The first template-based system for audio chord recognition
was developed by Fujishima [2]. This method is the first one
that considers chords not only as sets of individual notes, but
rather as entities whose structure is determined by one root
and one type. The chord transcription process is based on the
extraction from the signal of Pitch Class Profiles (PCP) or
chroma vectors. The chroma vectors are 12-dimensional vectors
where each component represents the energy or salience of
one of the 12 semi-tones within the chromatic scale, regardless
of the octave. The temporal evolution of these chroma vectors
is called chromagram: it has been widely used in literature
for chord or key estimation [5], [7]. In Fujishima’s approach,
324 chords are detected, each of them modeled by a binary
Chord Type Template (CTT). The chord detection is performed
by first calculating scores for every root and chord type, then
selecting the best score. The scores are computed from chroma
vectors and hand-tuned variations of the original CTT. Two
matching methods between PCP and CTT are tested: the
Nearest Neighbor Method (Euclidean distance between chroma
vector and hand-tuned CTT) and the Weighted Sum Method
(dot product between chroma vector and hand-tuned CTT).

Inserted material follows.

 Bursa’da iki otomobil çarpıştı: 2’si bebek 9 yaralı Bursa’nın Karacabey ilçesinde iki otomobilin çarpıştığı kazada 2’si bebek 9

The hand-tuning is done by trial-and-error and accounts for the
chord type probability and the number of notes within the chord
type. Two postprocessing methods are introduced in order to
take into account the temporal structure of the chord sequence.
The first attempt is to smooth over the past chroma vectors
to both reduce the noise and use the fact that a chord usually
lasts for several frames. The second attempt is to detect chord
changes by monitoring the direction of the chroma vectors.